Wednesday, October 12, 2005

Whose Rules?

Mike Sheffler of posts a comment on my last entry. I quote:

I could be off my rocker, but I was under the impression that the ... uh ... talent has always been obligated to maintain a four-foot clearance from the customer in Washington.

I'm from Spokane, and the sentiment there was that Washington strip clubs were lame because the girls always had to maintain that distance. Hence, everyone would flock to the Stateline strip club, situated just barely on the potato side of the Washington/Idaho border, where there was no such mandatory spacing.
Actually, it is determined entirely by local municipalities, subject to the usual First Amendment constraints. In California v. Larue the majority held that exotic dancing operates on the periphery of First amendment protections. Therefore any restrictions on it must satisfy strict scrutiny and be time, place, manner and content neutral. So how are buffer zones content neutral? I mean we don't require waitresses or hairstylists to maintain a buffer zone. Well the buffer zone ordinances have been found legal by the "Liberal" 9th Circuit Court of Appeals in their Colacurcio v. City of Kent decision where they found the bufferzones to be insignificant restrictions on speech, which do not fundamentally alter the message the dancer is trying to convey.

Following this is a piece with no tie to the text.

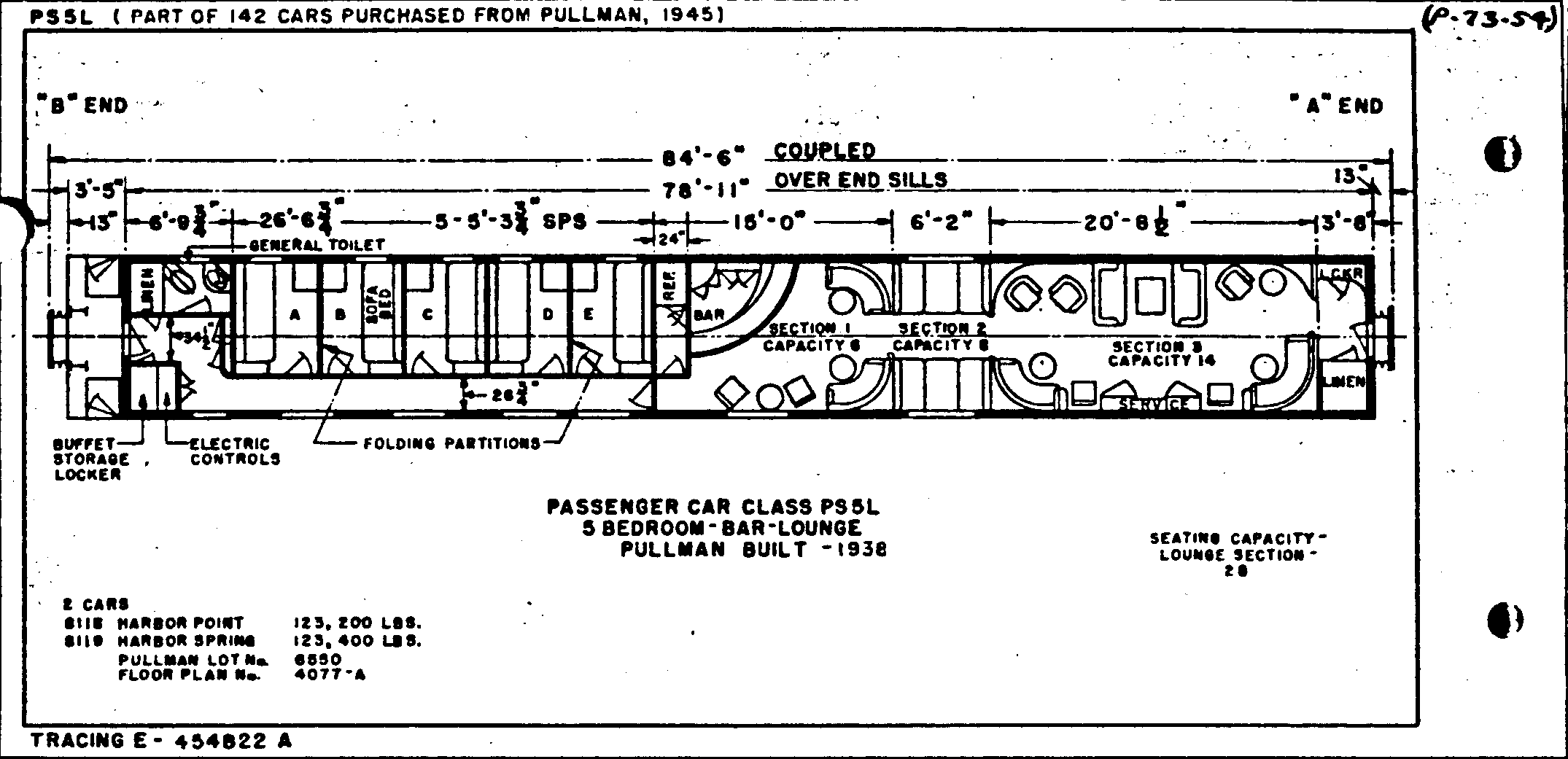 PS5L-5 Bedroom, bar, lounge-Pullman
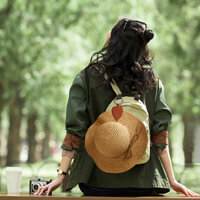 Kẹp mũ từ tính du lịch móc ba lô móc lưu trữ mũ chống nắng vật dụng mũ di động hút mạnh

They were merely following the lead of the Supreme Court who felt in Barnes v. Glenn Theatres that wearing G-strings and pasties did not alter the expressive content of the speech and therefore was a minimal intrusion on the First Amendment. But then what justifies the need for buffer zones? The municipalities interest in preventing secondary effects. Souter was the first to apply the doctrine to nude dancing in Barnes v. Glenn Theatres, but it was later extended by the rest of the court in City of Erie v Pap's A.M. , ironically much to the chagrin of a remorseful Justice Souter.

Keywords: Buffer Zones, Secondary Efects

1 comment:

Mike Sheffler said...

I'll grudgingly admit that I'm not a constitutional scholar, but it seems that there is a disconnect in the chain of reasoning that (eventually) leads to buffer zones.

A few points:

* It seems to be unclear who is imbued with the power to fight secondary effects. Assuming that they (the effects) exist, it seems reasonable that they should be combatted at the most local level possible, but how is it determined who should fight against which and what kinds of problems?

* You said, "Well the buffer zone ordinances have been found legal by the "Liberal" 9th Circuit Court of Appeals in their Colacurcio v. City of Kent decision where they found the bufferzones to be insignificant restrictions on speech, which do not fundamentally alter the message the dancer is trying to convey.", which seems problematic.

To the best of my understanding, the authorities (persuant to the reservation I listed above) are -- in the spirit of U.S. v. O'Brien -- entitled to encroach upon first amendment rights in so far as the encroachment is as limited as possible, and that the encroachment addresses the harm to the other issue at hand (in this case, secondary effects, in O'Brien, the power of Congress to raise an army), which is itself substantive.

Let's assume for a moment that secondary effects exist, that these effects are of sufficient danger to the community at large that enjoining (albeit, in a limited fashion) certain parties from their first amendment rights is an acceptable by product of corrective measures, and that local authorities are within their rights both to address the secondary effects and to employ said measures. It seems obvious that the next point that should addressed is the ability of the measures to actually combat the secondary effects.

Presumably, the town's council of elders could obligate each fourth citizen to wear a funny hat on Tuesdays in order to combat the menaces to society that are the by-product of nudity in strip clubs, but it is not at all clear that this measure would be effective in any way.

Similarly, I'm not sure that pasties, G-strings, and buffer zones do anything to prevent the prostitution, low property values, assault, etc. that having a strip club in the neighborhood seems to most assuredly bring. It seems that full on closure of said businesses would be the way to combat the (imagined?) evil that follows close behind the installation of these clubs.

I'll agree that the case for stripping as (wholly) protected speech is pretty dodgy, but I'm not sure that relevant arguments for or against strip clubs are really being made in a sensible and consistent way by either side.